## WHAT YOU HAVE TO DO
Give again, exactly and only, the lines running from the one with "ТУРБОКОМПРЕССОР K03-019 MERCEDES" to the end of the material below; leave out pictures.

## GIVEN MATERIAL

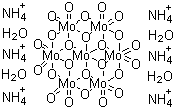 Struktur image of Ammonium molybdate 4-hydrate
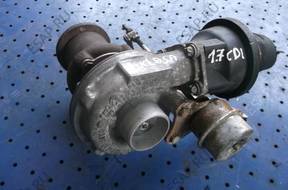 ТУРБОКОМПРЕССОР K03-019 MERCEDES A-KLASA 1.7 CDI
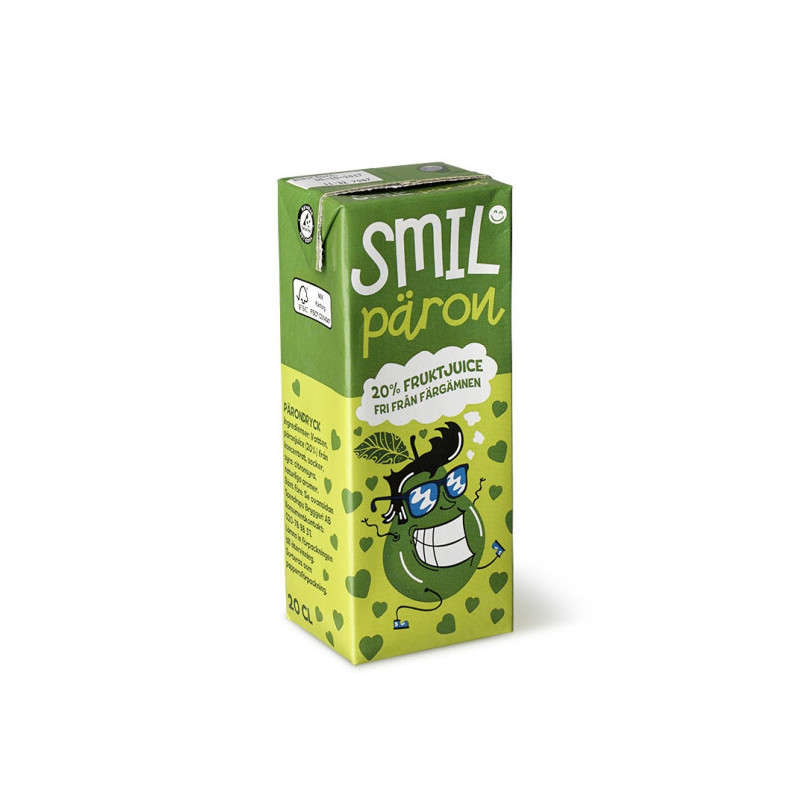 Smil Fruktdryck  20cl (UTGÅENDE)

## FINAL ANSWER
 ТУРБОКОМПРЕССОР K03-019 MERCEDES A-KLASA 1.7 CDI
 Smil Fruktdryck  20cl (UTGÅENDE)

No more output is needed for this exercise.